**Supplied records:**
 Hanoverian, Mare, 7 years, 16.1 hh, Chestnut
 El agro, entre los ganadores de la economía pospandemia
...
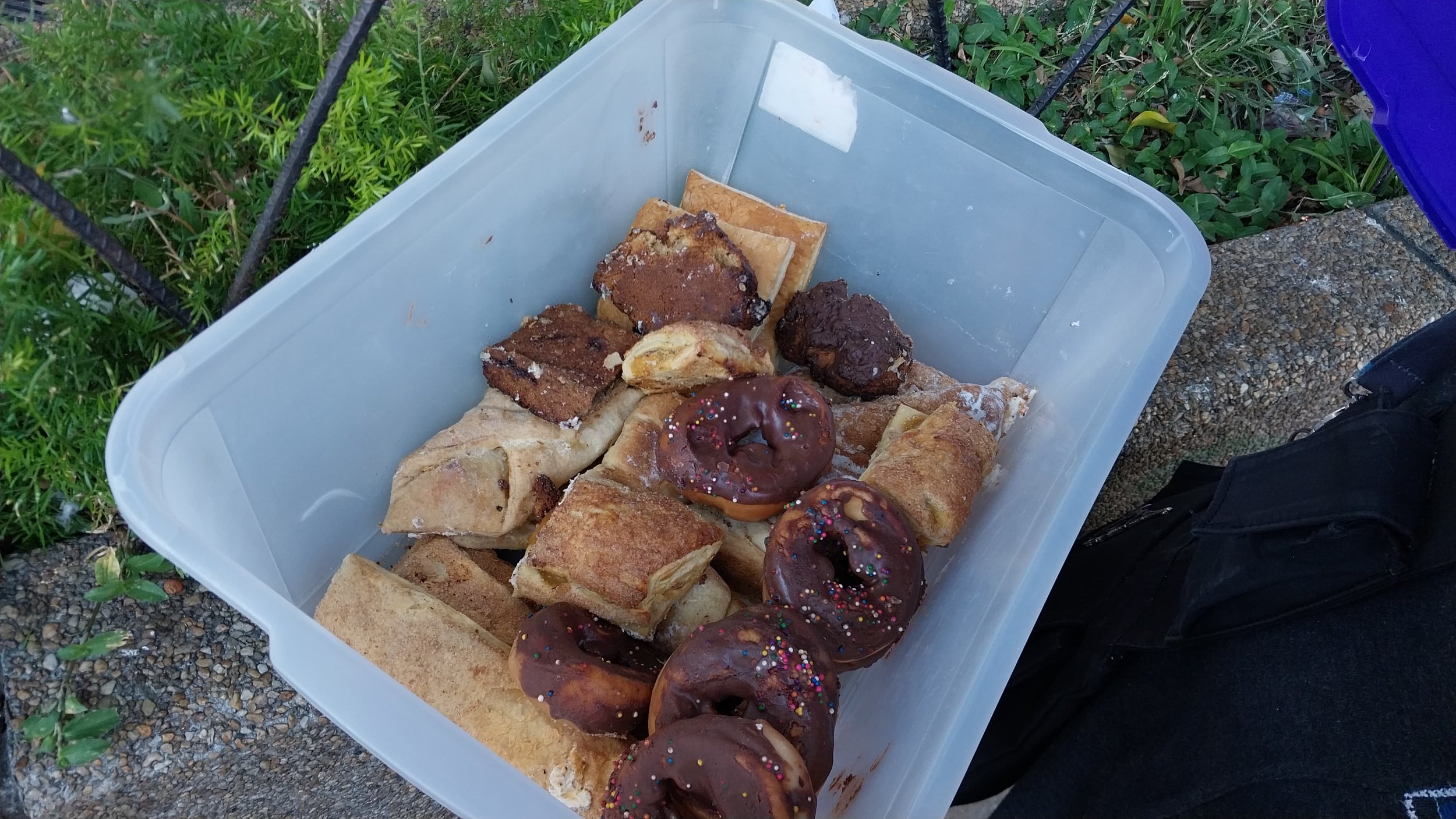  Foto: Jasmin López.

**Task statement:** The response should hold exactly the lines starting at the line with "Hanoverian, Mare, 7 years, 16.1 hh, Chestnut" and ending at the line with "El agro, entre", and no other line of the material above.

**Response for this exercise:**
 Hanoverian, Mare, 7 years, 16.1 hh, Chestnut
 El agro, entre los ganadores de la economía pospandemia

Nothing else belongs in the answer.